#### Dataset excerpts
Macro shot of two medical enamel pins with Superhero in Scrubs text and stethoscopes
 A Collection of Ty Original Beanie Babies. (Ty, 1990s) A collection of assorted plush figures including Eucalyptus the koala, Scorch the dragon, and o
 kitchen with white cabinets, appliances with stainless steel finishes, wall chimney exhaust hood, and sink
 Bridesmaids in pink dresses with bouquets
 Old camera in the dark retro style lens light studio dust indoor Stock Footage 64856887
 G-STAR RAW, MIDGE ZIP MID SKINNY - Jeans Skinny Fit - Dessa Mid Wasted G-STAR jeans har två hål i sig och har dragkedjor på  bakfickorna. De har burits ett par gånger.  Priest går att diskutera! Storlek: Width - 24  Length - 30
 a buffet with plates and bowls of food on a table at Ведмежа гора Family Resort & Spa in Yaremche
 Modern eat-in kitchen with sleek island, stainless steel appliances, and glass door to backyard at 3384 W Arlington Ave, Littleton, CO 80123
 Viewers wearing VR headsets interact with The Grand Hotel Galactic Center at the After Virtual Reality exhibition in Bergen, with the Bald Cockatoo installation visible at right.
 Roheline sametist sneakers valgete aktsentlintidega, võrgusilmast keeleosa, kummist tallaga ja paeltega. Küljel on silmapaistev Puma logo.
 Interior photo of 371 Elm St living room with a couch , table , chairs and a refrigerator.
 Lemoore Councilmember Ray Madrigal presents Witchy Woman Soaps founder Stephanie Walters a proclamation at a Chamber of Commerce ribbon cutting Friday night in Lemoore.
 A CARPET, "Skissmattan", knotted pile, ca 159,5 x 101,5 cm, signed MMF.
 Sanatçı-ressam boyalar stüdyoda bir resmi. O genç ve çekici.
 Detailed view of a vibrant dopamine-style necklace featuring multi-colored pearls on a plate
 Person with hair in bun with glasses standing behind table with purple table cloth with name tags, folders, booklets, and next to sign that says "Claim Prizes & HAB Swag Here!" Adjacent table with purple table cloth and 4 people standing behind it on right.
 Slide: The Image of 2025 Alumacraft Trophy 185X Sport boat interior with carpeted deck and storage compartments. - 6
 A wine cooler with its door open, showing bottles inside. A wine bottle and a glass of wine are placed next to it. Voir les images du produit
########
> To do:
Write down all of the listing exactly.

> Output of the exercise:
Macro shot of two medical enamel pins with Superhero in Scrubs text and stethoscopes
 A Collection of Ty Original Beanie Babies. (Ty, 1990s) A collection of assorted plush figures including Eucalyptus the koala, Scorch the dragon, and o
 kitchen with white cabinets, appliances with stainless steel finishes, wall chimney exhaust hood, and sink
 Bridesmaids in pink dresses with bouquets
 Old camera in the dark retro style lens light studio dust indoor Stock Footage 64856887
 G-STAR RAW, MIDGE ZIP MID SKINNY - Jeans Skinny Fit - Dessa Mid Wasted G-STAR jeans har två hål i sig och har dragkedjor på  bakfickorna. De har burits ett par gånger.  Priest går att diskutera! Storlek: Width - 24  Length - 30
 a buffet with plates and bowls of food on a table at Ведмежа гора Family Resort & Spa in Yaremche
 Modern eat-in kitchen with sleek island, stainless steel appliances, and glass door to backyard at 3384 W Arlington Ave, Littleton, CO 80123
 Viewers wearing VR headsets interact with The Grand Hotel Galactic Center at the After Virtual Reality exhibition in Bergen, with the Bald Cockatoo installation visible at right.
 Roheline sametist sneakers valgete aktsentlintidega, võrgusilmast keeleosa, kummist tallaga ja paeltega. Küljel on silmapaistev Puma logo.
 Interior photo of 371 Elm St living room with a couch , table , chairs and a refrigerator.
 Lemoore Councilmember Ray Madrigal presents Witchy Woman Soaps founder Stephanie Walters a proclamation at a Chamber of Commerce ribbon cutting Friday night in Lemoore.
 A CARPET, "Skissmattan", knotted pile, ca 159,5 x 101,5 cm, signed MMF.
 Sanatçı-ressam boyalar stüdyoda bir resmi. O genç ve çekici.
 Detailed view of a vibrant dopamine-style necklace featuring multi-colored pearls on a plate
 Person with hair in bun with glasses standing behind table with purple table cloth with name tags, folders, booklets, and next to sign that says "Claim Prizes & HAB Swag Here!" Adjacent table with purple table cloth and 4 people standing behind it on right.
 Slide: The Image of 2025 Alumacraft Trophy 185X Sport boat interior with carpeted deck and storage compartments. - 6
 A wine cooler with its door open, showing bottles inside. A wine bottle and a glass of wine are placed next to it. Voir les images du produit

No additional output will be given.